Clearly to Mr. Santorum there is no such thing as being innocent until proven guilty; if it weren’t for the constant level of surveillance, in Mr. Santorum’s mind, people would be having sex with their entire families! Sometimes more than one family even! What nonsense. Do we want to have people with that sort of fascistic extreme view (that all of us are just criminals waiting to strike) to the Congress? I don’t think so. I certainly hope that the rest of America doesn’t think so. Such an avowed authoritarian in Congress, combined with John Ashcroft as Attorney General, makes me greatly fear for the future of the US Constitution, which is already under great sustained attacks by Mr. Ashcroft alone. Not that you’ll hear much about it in the Wall Street Journal — Mr. Ashcroft is a Republican, after all.

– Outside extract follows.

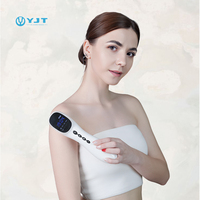 Appareil de thérapie au laser froid LLLT 808 nm et 650 nm, machine thérapeutique au laser portable pour soulager la douleur avec fonction de massage TENS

So much for Mr. Santorum. The Journal, in the article, goes to mention that “Our own view is that state anti-sodomy laws are almost never enforced…”. Is that really the Journal’s justification for that garbage? The Journal’s staff is made up of business types, who are increasingly lawyer types. Are they seriously saying that it simply doesn’t matter that certain laws are on the books? Does it then make it permissible to break those laws? Surely from a legal standpoint it does matter that those laws are still in effect! By denying the fact, however, the Journal seems to be encouraging Americans to break whatever laws they don’t like, simply on the basis that those laws are “almost never enforced”. You’ve got to be kidding!

However the Journal’s biggest sin in this piece was to step away from the matter at hand and attempting a ‘red herring’ manoeuver by taking ill-aimed potshots at the opposition to Mr. Santorum and essentially calling them hypocrites, when there is clearly no argument there. We’re back in the cold war with the Journal it seems, except that the “commies” are now referred more subtly as “the opposition”. Pathetic.

Clearly this effort was half-hearted, however, and one is left to ask “why”. The smart money says that if elected Mr. Santorum would be a soon-forgotten mediocrity. So why on earth is the WSJ casting its lot with such vehemence and lack of restraint? Well, the 2004 elections are on the horizon, and clearly the Journal has a lot riding on a Republican victory, so much so that they are evidently willing to run on their journalistic sword in order to influence public opinion in favor of the GOP. Which, given the notorious level of “competence” at the Administration as regards domestic matters, seems like quite a task indeed. The President wouldn’t the first one to try and coast to electoral victory on the basis of foreign policy only to stumble badly on domestic issues. Heck, he would not even the first Republican president named George Bush to do so! Exactly what the Journal’s stake is in a Republican victory in 2004 is, franly, unclear, but there is no mistaking where its political tendencies come from.

So I, who have no wish to encourage such trashy, obviously partisan editorials, will not be renewing my subscription to the Wall Street Journal. It’s a little sad to see how far the mighty have fallen sometimes.